§ **DATASET EXCERPT**
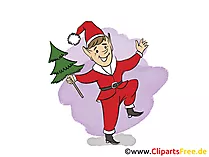 Silvesterparty Grusskarte, Bild, Clip Art, Cartoon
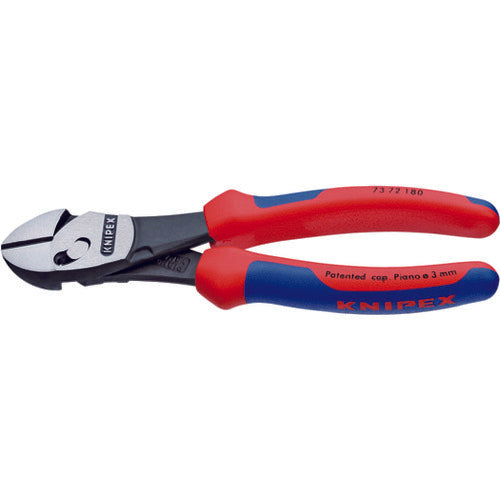 High-leverage TWIN FORCE Cutter  7372-180BK  KNIPEX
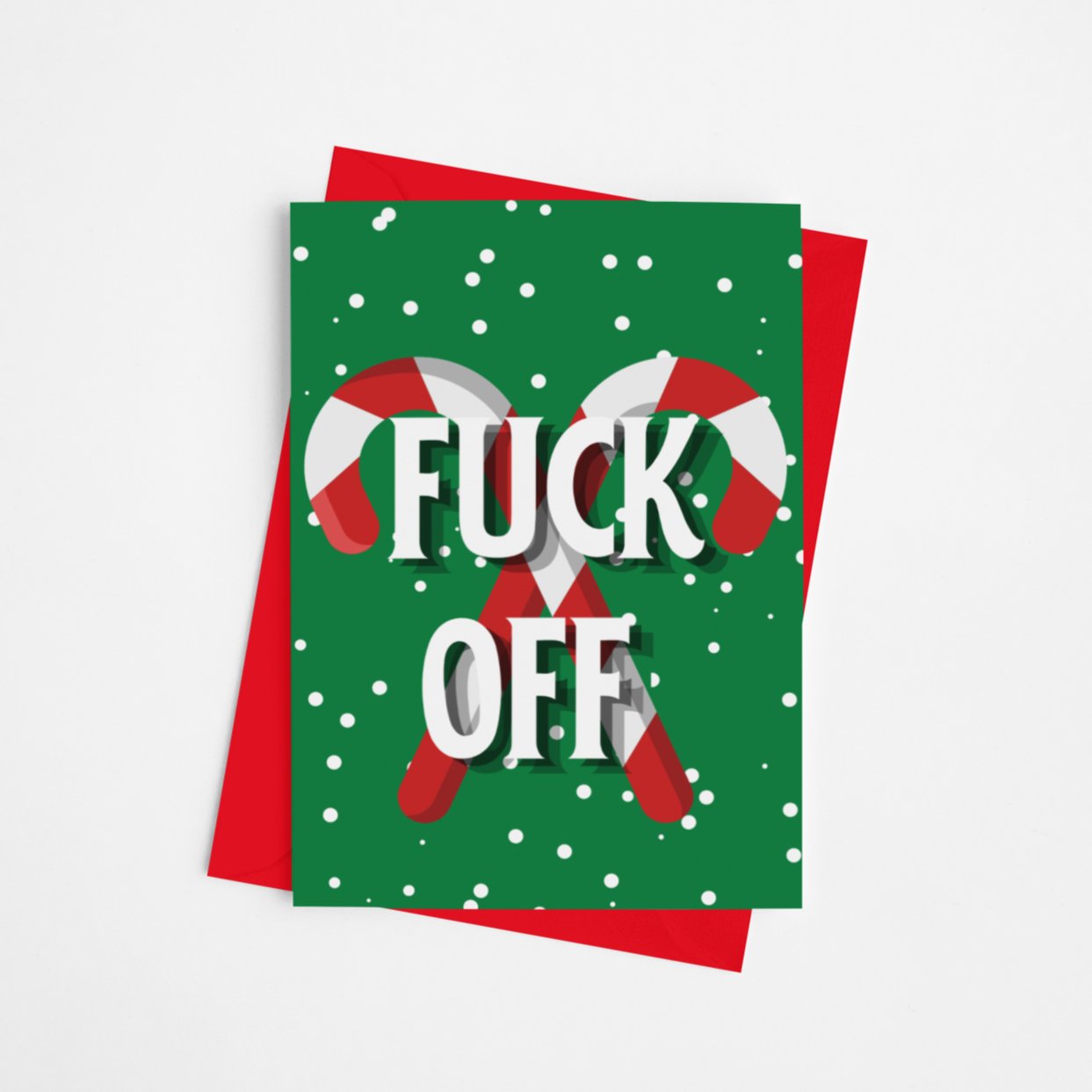 Fuck Off Christmas Card - Cards - The Scouse Bird Shop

§ **WHAT YOU SHOULD DO**
In the data above, the line containing "High-leverage TWIN FORCE" and all lines after it are to be reproduced exactly, leaving out the pictures.

§ **ANSWER BOX**
 High-leverage TWIN FORCE Cutter  7372-180BK  KNIPEX
 Fuck Off Christmas Card - Cards - The Scouse Bird Shop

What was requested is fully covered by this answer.